Being a successful PMO is not easy. Often, the PMO is portrayed as "the bad guy", forcing processes upon the innocent simply because those processes exist and/or being a general hindrance to getting things done. Because of this, I've seen some project management organizations spend a lot of time self promoting, being a cheerleader for sponsors and try to accommodate everyone while sacrificing the spirit of their individual charter.
Then you have the really good project management organizations. They became good because they survived the above scenarios, stuck to their guns and began producing quality output. Some of them are so good at running projects, they make it look somewhat easy and then executives begin to think that project management is easy.

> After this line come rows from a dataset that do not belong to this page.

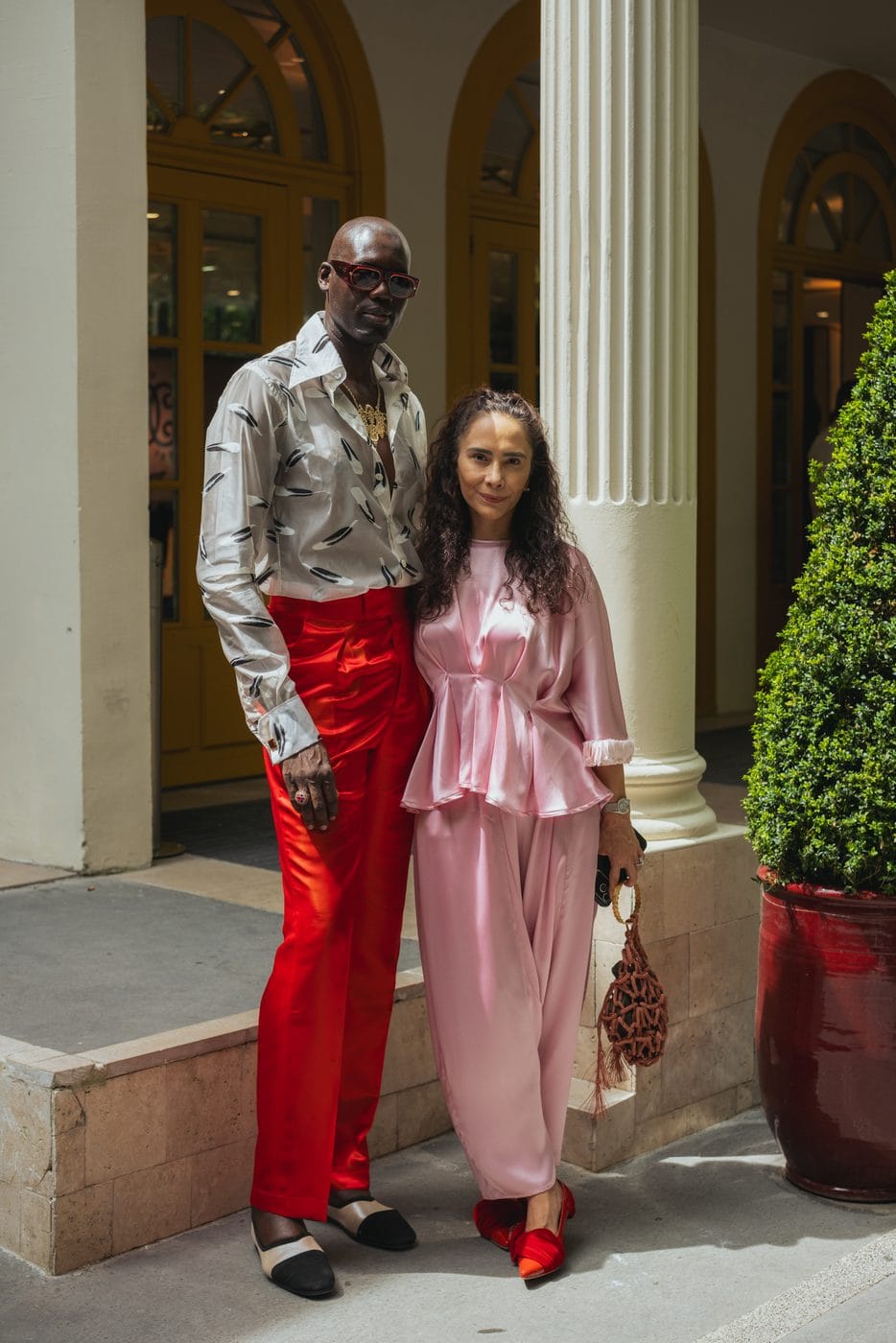 Paris Haute Couture Week, photograph 24 by Sid Marin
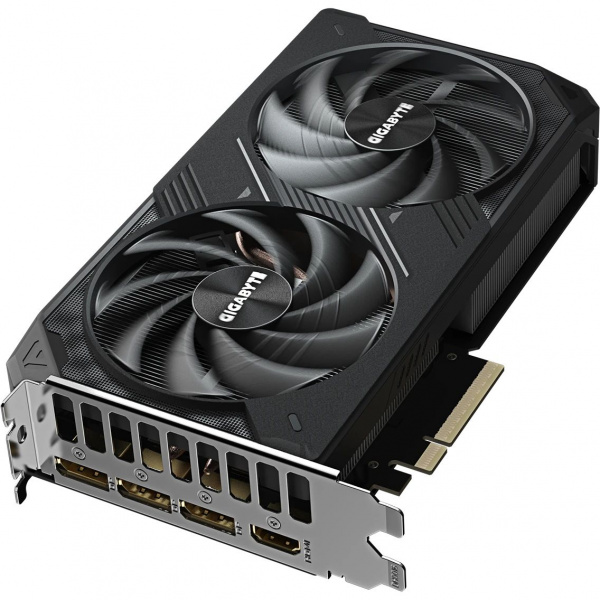 Видеокарта Gigabyte NVIDIA GeForce RTX 5060 TI WindForce OC 16G (GV-N506TWF2OC-16GD) RTX 5060 TI WINDFORCE OC 16G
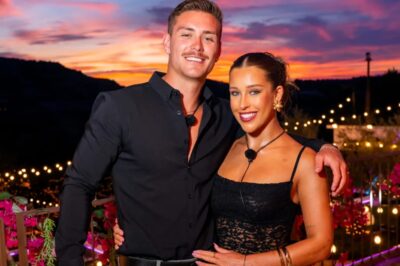 BOMBSHELL CONFESSION: Love Island 2025 Champs Kye and Yana Expose the Wild Drama Explosion Following Their Shock Win – Secrets That’ll Floor You!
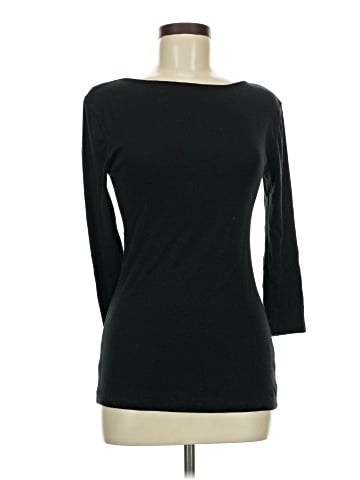 Caslon 3/4 Sleeve T-Shirt (view 1)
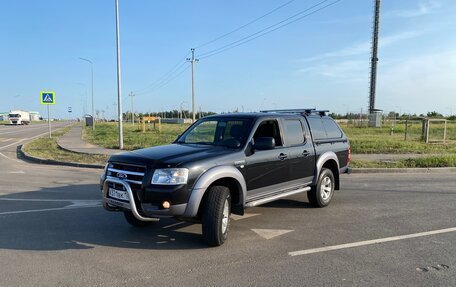 Ford Ranger II рестайлинг, 2008 год, 1 400 000 рублей, 4 фотография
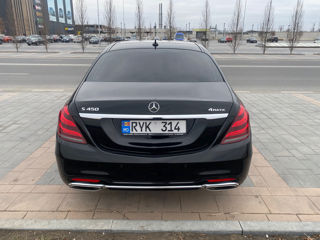 Mercedes S-Class фото 4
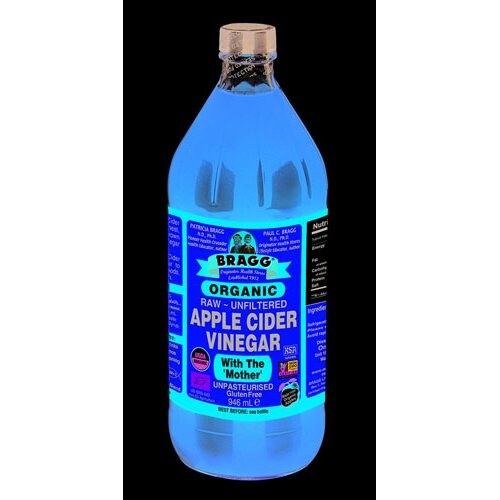 Braggs  Apple Cider Vinegar With The Mother 946ml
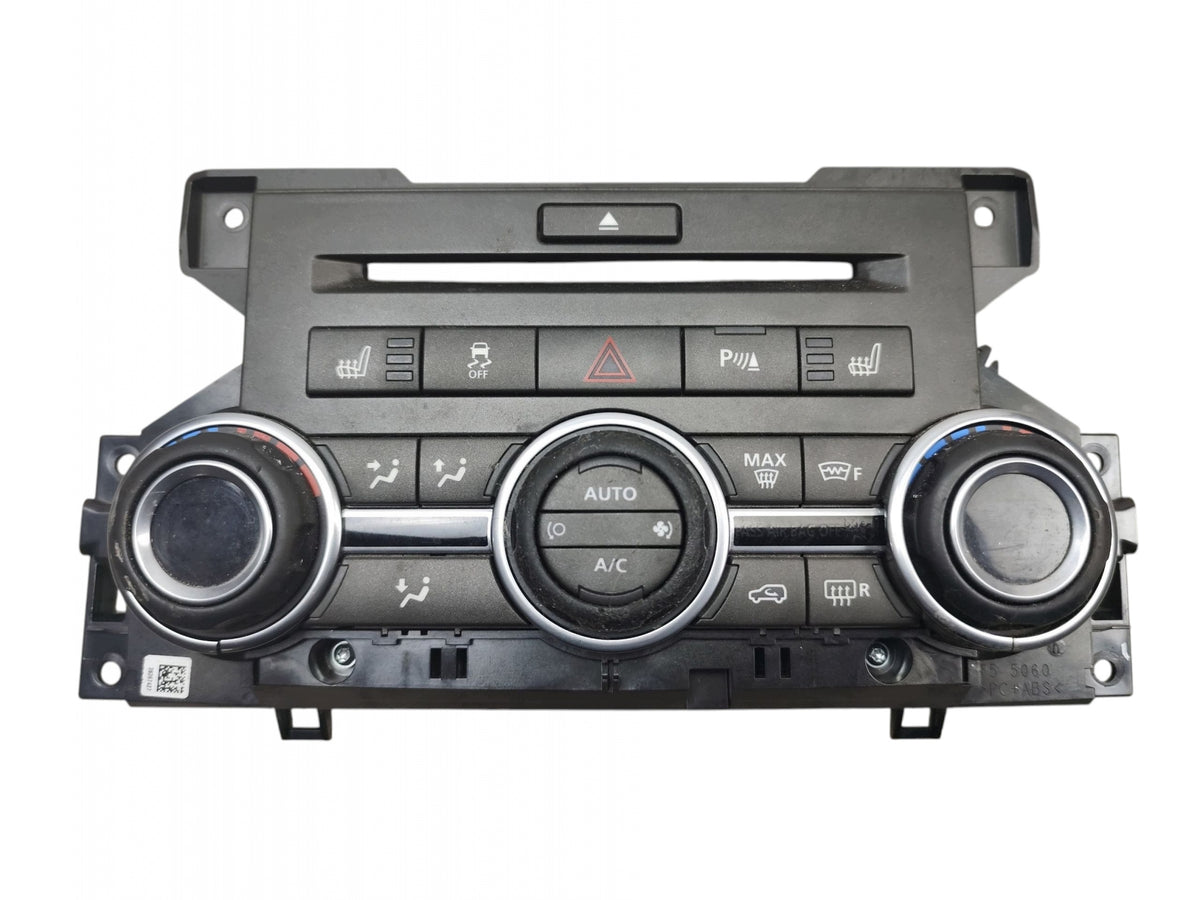 AIR CONDITIONING PANEL LAND ROVER DISCOVERY IV L319 (2009-2016) BH22-19E900-FA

However, that is a tale for a totally different narrative.
How Import Is It To Be Good?
Billy Crystal used to have a character during his Saturday Night Live days called Fernando and I guess it was based upon a real person called Fernando Lamas. It is rumored that Billy Crystal came up with the SNL character because the actual Fernando Lamas once said on the Tonight Show, "It is better to look good than to feel good."

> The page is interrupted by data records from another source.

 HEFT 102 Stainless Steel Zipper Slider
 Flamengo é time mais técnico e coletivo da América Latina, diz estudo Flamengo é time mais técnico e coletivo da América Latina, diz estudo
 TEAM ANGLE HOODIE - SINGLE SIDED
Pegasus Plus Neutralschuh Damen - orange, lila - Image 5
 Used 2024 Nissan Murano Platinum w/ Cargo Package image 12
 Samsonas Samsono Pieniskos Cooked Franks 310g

It seems like many a PMO have a similar attitude with a small twist, "It is better to look good than to be good." This is a shame, what a missed opportunity! The PMO can be a great wing man for organizations to get more out of strengths, mitigate risks associated with weak areas and execute a series of endeavors to achieve long term strategic goals.
Strategy, It Isn't Just A Word To Use For Wish Lists
I am amazed by how many strategic plans I've seen that have very little actual strategy within them. They simply have flowery narratives about opportunities, opportunities and yet more opportunities. You cannot actual tell what the organization wants to focus upon because it never actually says what opportunities it WILL NOT pursue. This is called selling the sizzle and not the steak and it can put the PMO in a bad position.

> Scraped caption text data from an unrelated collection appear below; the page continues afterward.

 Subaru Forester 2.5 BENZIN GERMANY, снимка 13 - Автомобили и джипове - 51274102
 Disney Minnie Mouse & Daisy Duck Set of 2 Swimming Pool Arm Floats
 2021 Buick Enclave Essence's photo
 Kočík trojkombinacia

If the organization doesn't have a strong strategy aligned to PMO endeavors, the PMO is going to underperform to its potential value. This is because the PMO will float from addressing one disjointed project request to the next and never build any actual momentum in making something great. To achieve greatness, the organization needs to successfully chain a set of compatible projects so that the end result is greater than the sum of each individual success.
So What Can Be Done?
Well, this is a potential area in which the business analyst can add significant value. The PMO can empower the business analyst to review opportunities, do an overall market analysis and provide a recommendation of projects that could lead to a core strategic objective. PMO leadership can begin to sell the overall strategy to leadership and continue to refine their approach. Current projects that have touch points to the larger strategy could be tweaked in order to compliment each other.
This course of action would not be easy but the defined goals can be achieved through careful planning, effective measurements, monitored execution and cross functional collaboration. At least, that seems to make sense to me and I’m certainly open to your thoughts and opinions!